To celebrate what would have been Leonard Bernstein’s 100th birthday, the University Opera Theatre and University Symphony Orchestra put on a production of his famous Candide this weekend. Through Bernstein’s catchy songs performed by talented singers and orchestra members, the audience was lead on the wild ride Voltaire’s naive young man, Candide.

The wonder of Voltaire’s story is that despite the superficial optimism and lightheartedness which buoys the entire narrative, there are very serious themes at work which take on much more serious tones. The musical opera translation of this, and the performance I saw, balanced these very well. Alternating between small chalkboards with the word “GUN” and funny love songs on mismatched ideals were darker issues concerning intolerance, including sexism and classism. Of course, this satire is part of what made this production so great to experience. The audience laughed at the perpetual optimism of Pangloss, the tutor, even when he revealed his syphilis contraction which would have ended in his death at the time. Candide’s equally naive love interest, Cunegonde, has an eye rolling and amusing vapidity and superficiality until one actually considers the pain of rape and prostitution that she goes through. The main characters’ seemingly silly plights were made funny, then quickly made somber and serious only to switch back to a lighthearted mood once again.
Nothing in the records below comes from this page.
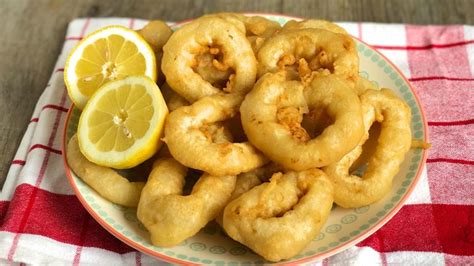 Calamares a la romana con cerveza Anna Recetas Fáciles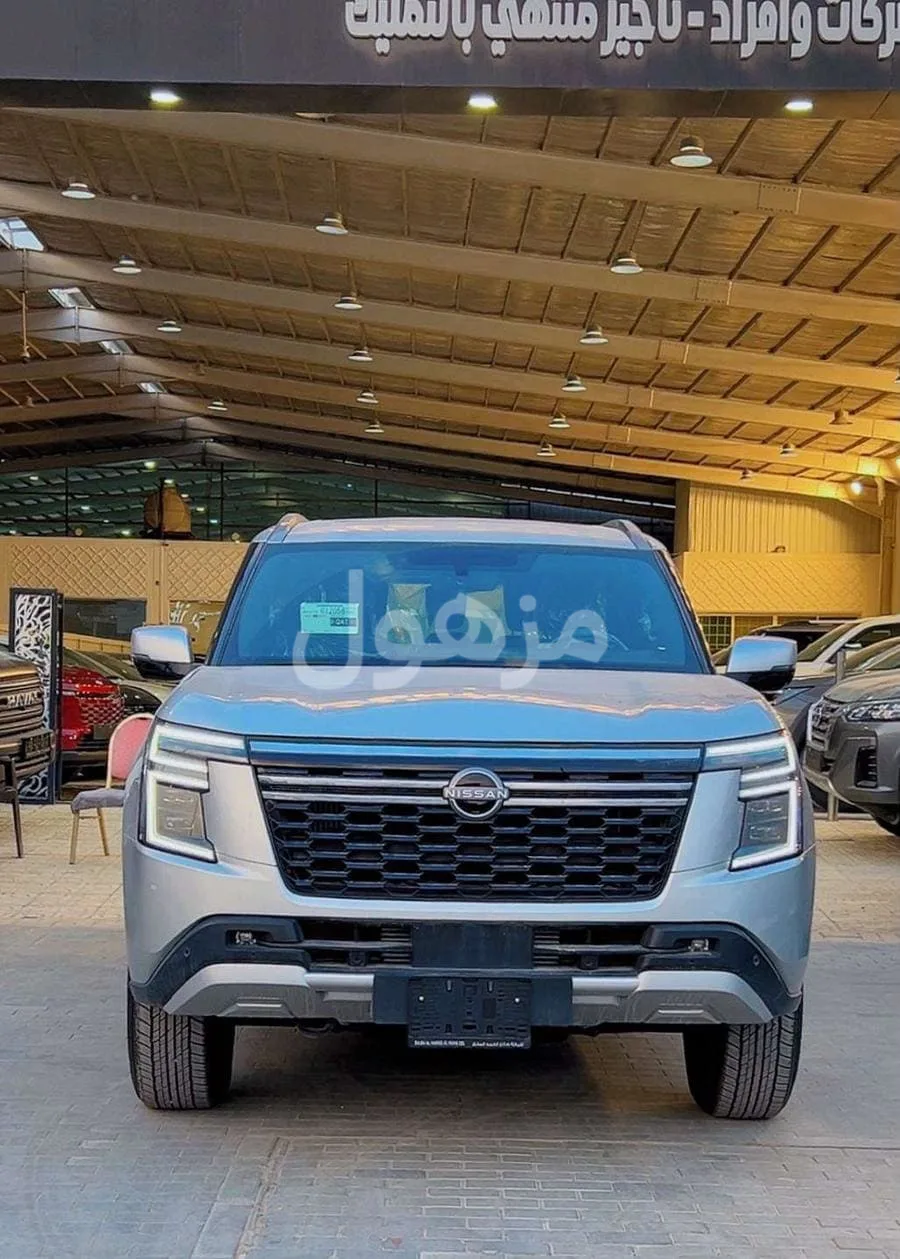 Nissan Patrol LE T2 Twin Turbo 2025 Gulf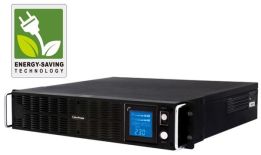 CyberPower CYBERPOWER PR3000ELCDRT2U 19i UPS 3000VA 2HE Sinewave PFC comp. LCD Green Power USB Management Software SNMP incl. Rail Kit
This complexity was all accomplished through masterful singing and what can only be described as truly creative and skillful sets. An entire map of the world was drawn on a large backdrop, and with each “situation” Candide and his associates found themselves in people would climb up on ladders with their own pieces of chalk and fill in where and what happened in the story, until at the very end where audience members could see the entire expanse of what had happened. Ensemble members were dressed in grey school uniforms, which to me not only added to the “school setting” but also provided a great juxtaposition between the more brightly, some might say garishly, costumed main characters. It seemed to make an additional point: while Candide and his friends were living wild adventures and discovering so much of life, the majority of the world stayed the same and people just had to survive. Then of course there was the singing and acting themselves, which were performed wonderfully and had the audience laughing and more seriously quiet.

It was such a fantastic opportunity to be able to come see this production, and I look forward to being able to see the creativity with which the next piece is directed. Congratulations to all of the performers!